Which either means that God is a mindless, self-destructive consumer too, or is a figment of the fevered, guilt-ridden imagination of a very self-serving animal known as homo sapiens—a figment who equips us to commit unimaginable crimes in violation of the laws he allegedly lays down, and then to sleep well at night.
Lawrence DiStasi
Mr. DiStasi, hi. My name is Bill Hall, I'm in Pittsburgh Pa, and this particular column has come to my attention as the only "hit" Google gives me when I type the exact phrase "earth dies it's not my fault." I grant you that's a very specific phrase, but I guess I was hoping that some villainous or at least weasely character in some melodrama might have said it. I appreciate the serious treatment you give to the issues around that phrase. At the same time, though, I'm not so sure "earth dies, it's not my fault" is necessarily an automatic sellout.

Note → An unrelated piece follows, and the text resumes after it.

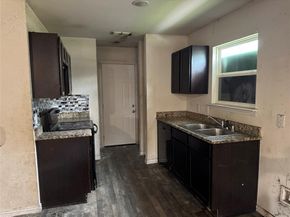 1920  Jb Jackson Jr Boulevard  J, Dallas Texas 75210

What if we all worked very hard every day to genuinely earn that claim? What if, at the end of our lives, the earth still looks doomed, but we can at least say, with a conscience that is genuinely clean rather than smug and superficial, that we did indeed do what we could, but could have used more help? Having formed that phrase, and that idea, today, I plan to let my life be guided by it. Oh, and as for God, I come from the peculiar perspective of someone who turned on to the original Star Trek in my single digit years long before a religious experience forcibly ejected me from my secular upbringing. I've decided that life on other worlds is not simply a nice idea, but crucial to whatever plans God has. We lose the Earth? God has endless backup Earths still going strong elsewhere. We are only one experiment in an intergalactic laboratory.